11 min read 2270 words Trude

AI (LLMs)

Machine Learning

Machine learning is the process of using data, instead of an algorithm, to determine how a model behaves. Tasks such as image recognition, text generation, and many others would be impossible to program manually, since there is an almost infinite number of inputs that would have to be accounted for. Humans perform these tasks using intuition, which is learned from past experience, so what if a computer could do the same?

A machine learning model is a data structure made of parameters (numbers). During the training process, the model is provided with many inputs and examples of what the output should look like, which affects the parameters in the model and changes their values. The result is a model that can mimic the behavior it was trained on.
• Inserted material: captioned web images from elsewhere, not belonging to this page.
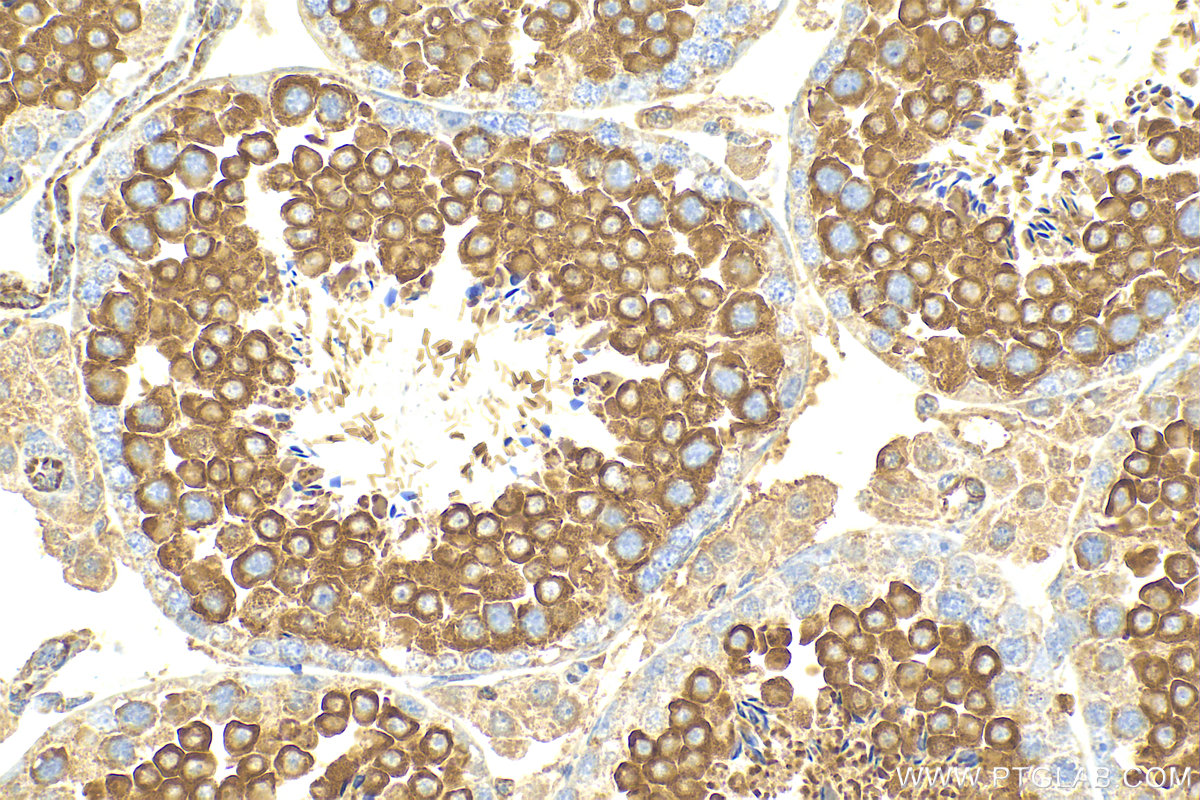 IHC staining of mouse testis using 17219-1-AP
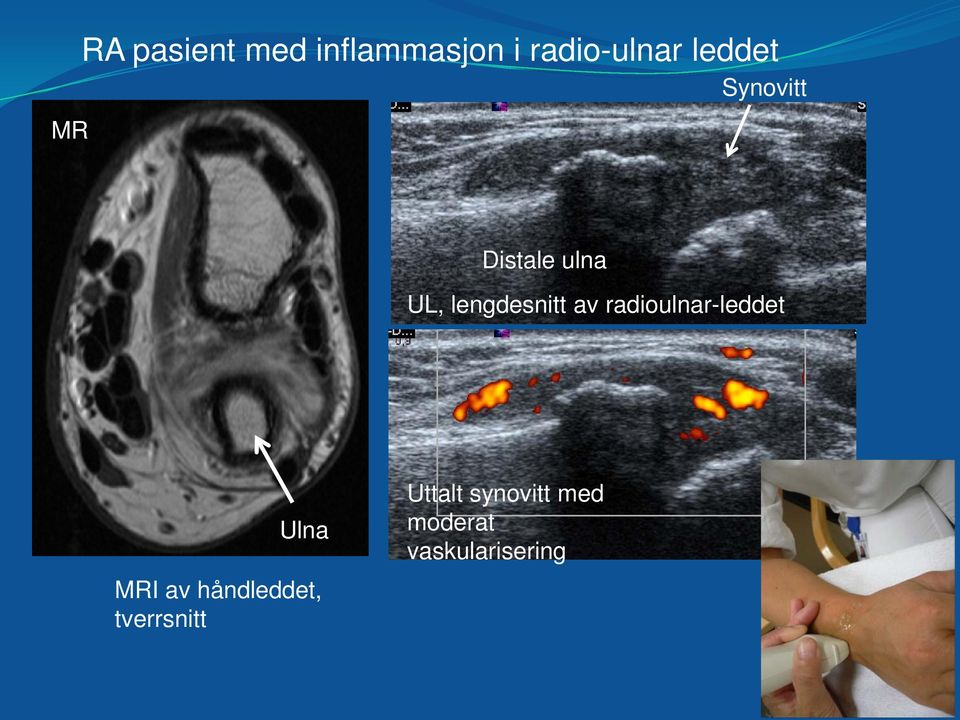 radioulnar-leddet Ulna MRI av håndleddet,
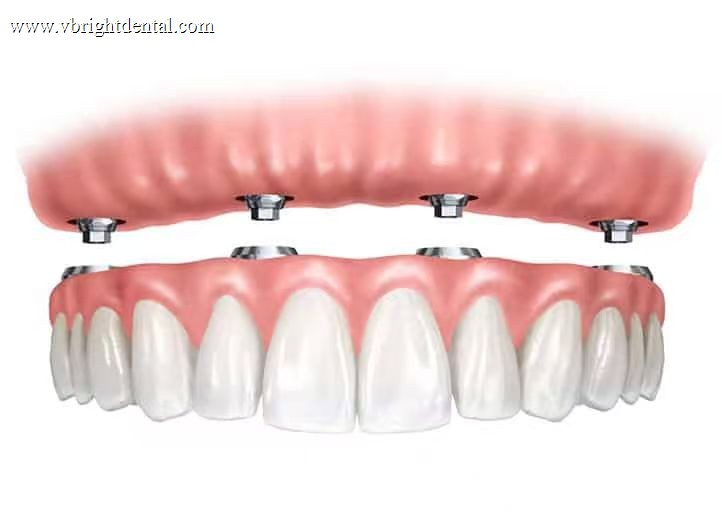 All-on-4 implant-supported full-arch bridge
Deep learning models use a training algorithm called backpropagation. They work by taking an input and turning that input into a list of numbers organized into a multi-dimensional array (tensor). A tensor is then progressively transformed through a sequence of steps (often called layers) until a layer is reached that is considered the output. The result is derived from this final layer.

Transformers

Transformers are prediction models. They take an input (text, audio, images, etc.) and attempt to predict what should come after.

The result of a prediction is a probability distribution: a list of values (for example, a list of words) and the probability of each value being the next word.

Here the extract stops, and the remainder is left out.